#### Task inputs

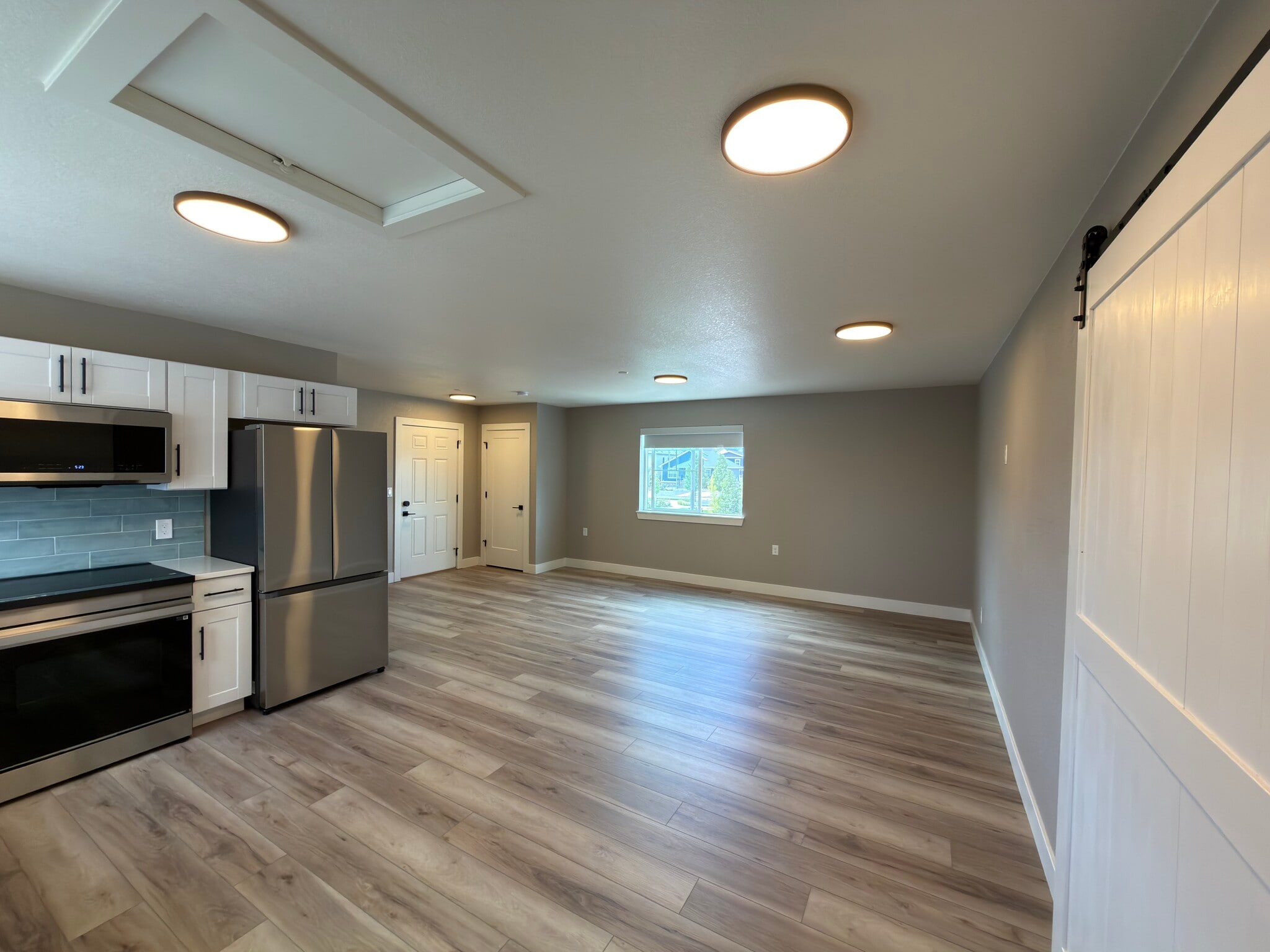 Kitchen Living room combination - 219 S 1st Ave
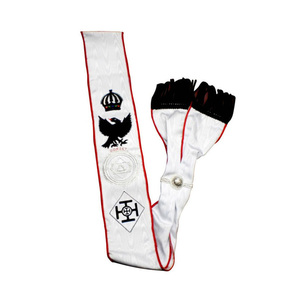 Écharpe de cérémonie blanche de la RCC divisionnaire avec aigle noir et couronne, couronne d'aigle noir et broderie décorative - Product Image 1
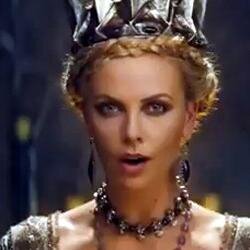 Reina Malvada de Khand.Tengo un millon de guardias a mi merced.Acercate a mi reino y veras. #SpanishFakeESDLA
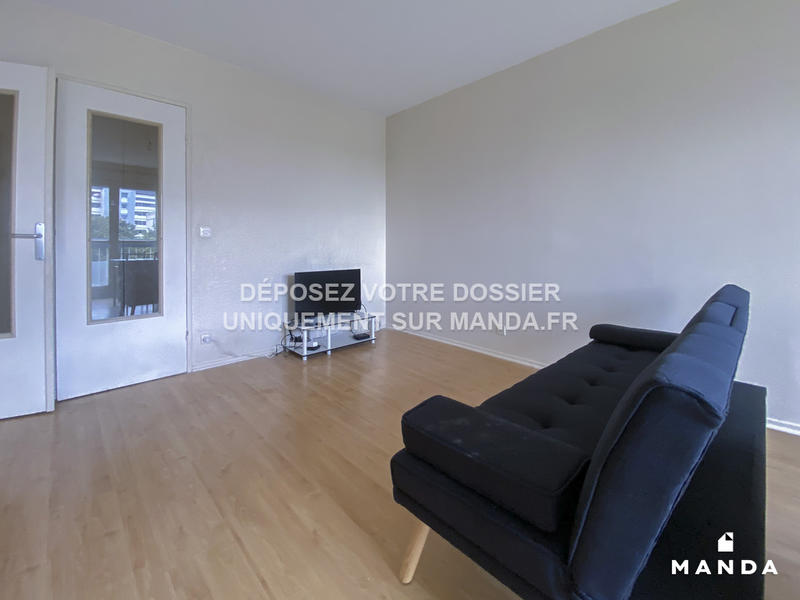 Chambre - 10 m² - 4 pièces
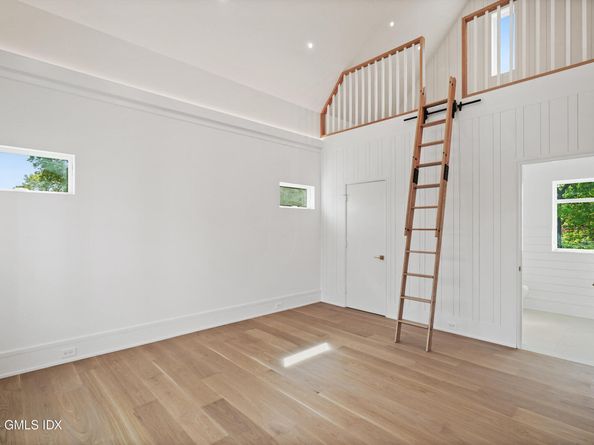 25 Dialstone Lane, Riverside CT 06878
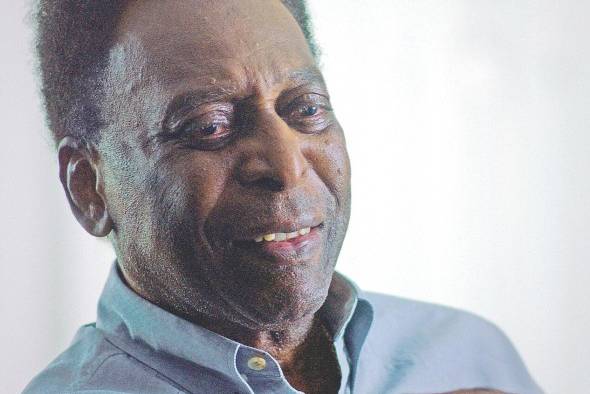A lo largo de su trayectoria, Pelé vistió las camisetas de la selección brasileña y de únicamente dos clubes: Santos y Cosmos, de Nueva York. A lo largo de su trayectoria, Pelé vistió las camisetas de la selección brasileña y de únicamente dos clubes: Santos y Cosmos, de Nueva York.
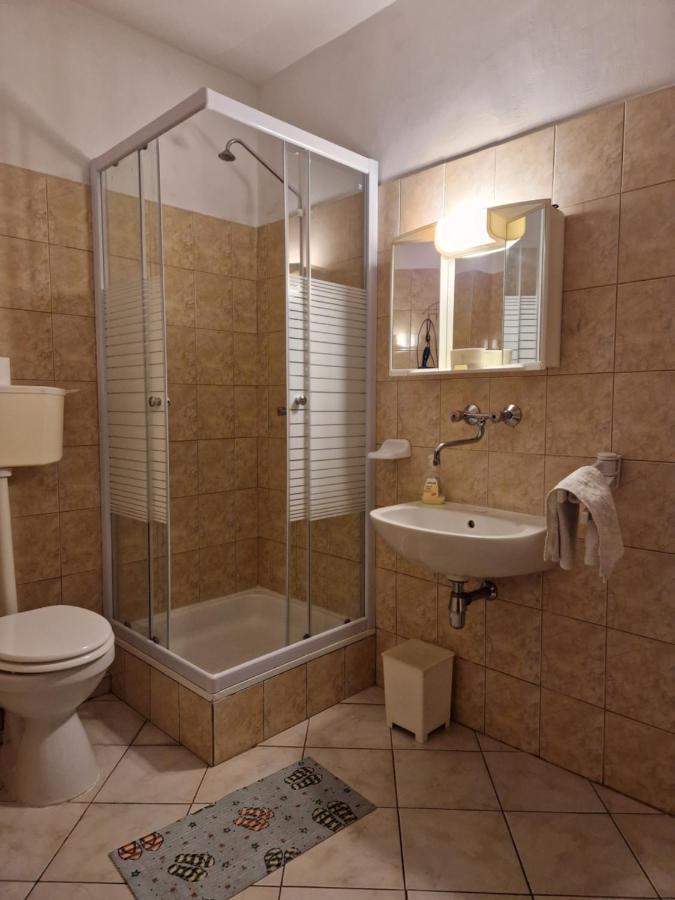 Roza Hotel Es Apartmanhaz Esztergom Buitenkant foto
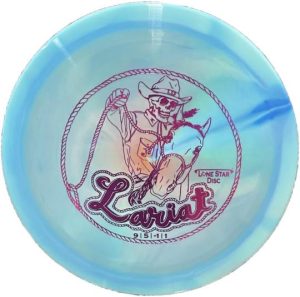 Lentolevyurheiluvälineet |   Alpha Lariat | Vakaa Disc Golf -suurajuri | Kestävä ja Sujuva Premium-muovi | Hyvä Suora Lentomatka Metsäisille Väylille | Värit Voivat Vaihdella Lentolevyurheiluvälineet Lentolevyurheiluvälineet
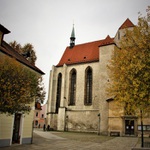 U kostela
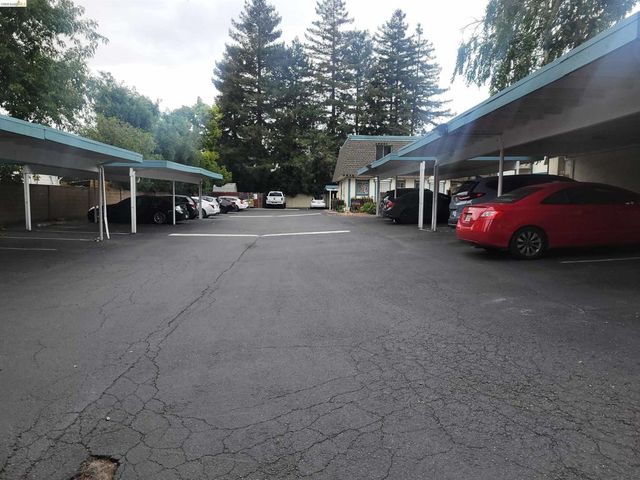 3905 Clayton Rd 12, Concord, CA 94521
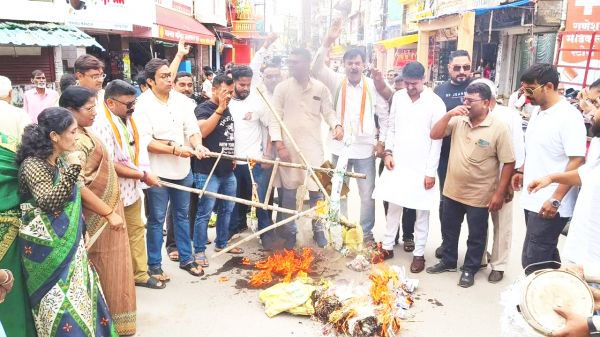 राहुल पर टिप्पणी, पूर्व केंद्रीय मंत्री अनुराग का कांग्रेसियों ने फूंका पुतला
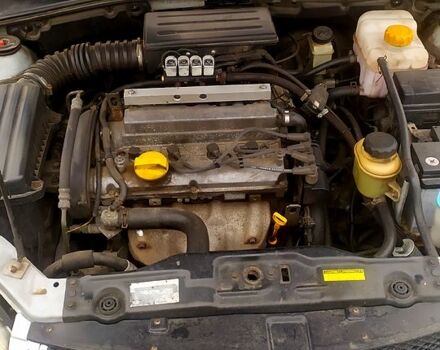 Сірий Шевроле Лачетті, об'ємом двигуна 1.8 л та пробігом 250 тис. км за 4000 $, фото 13 на Automoto.ua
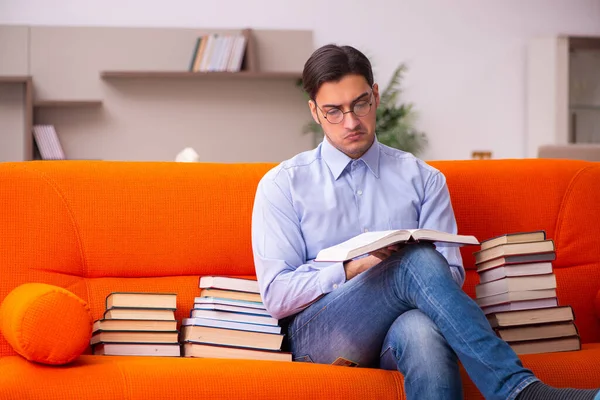 Jeune étudiant masculin se préparant aux examens à la maison — Photo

#### About this task
Would you write out an exact copy of the entries above, with no images?

#### Written solution
 Kitchen Living room combination - 219 S 1st Ave
 Écharpe de cérémonie blanche de la RCC divisionnaire avec aigle noir et couronne, couronne d'aigle noir et broderie décorative - Product Image 1
 Reina Malvada de Khand.Tengo un millon de guardias a mi merced.Acercate a mi reino y veras. #SpanishFakeESDLA
 Chambre - 10 m² - 4 pièces
 25 Dialstone Lane, Riverside CT 06878
A lo largo de su trayectoria, Pelé vistió las camisetas de la selección brasileña y de únicamente dos clubes: Santos y Cosmos, de Nueva York. A lo largo de su trayectoria, Pelé vistió las camisetas de la selección brasileña y de únicamente dos clubes: Santos y Cosmos, de Nueva York.
 Roza Hotel Es Apartmanhaz Esztergom Buitenkant foto
 Lentolevyurheiluvälineet |   Alpha Lariat | Vakaa Disc Golf -suurajuri | Kestävä ja Sujuva Premium-muovi | Hyvä Suora Lentomatka Metsäisille Väylille | Värit Voivat Vaihdella Lentolevyurheiluvälineet Lentolevyurheiluvälineet
 U kostela
 3905 Clayton Rd 12, Concord, CA 94521
 राहुल पर टिप्पणी, पूर्व केंद्रीय मंत्री अनुराग का कांग्रेसियों ने फूंका पुतला
 Сірий Шевроле Лачетті, об'ємом двигуна 1.8 л та пробігом 250 тис. км за 4000 $, фото 13 на Automoto.ua
 Jeune étudiant masculin se préparant aux examens à la maison — Photo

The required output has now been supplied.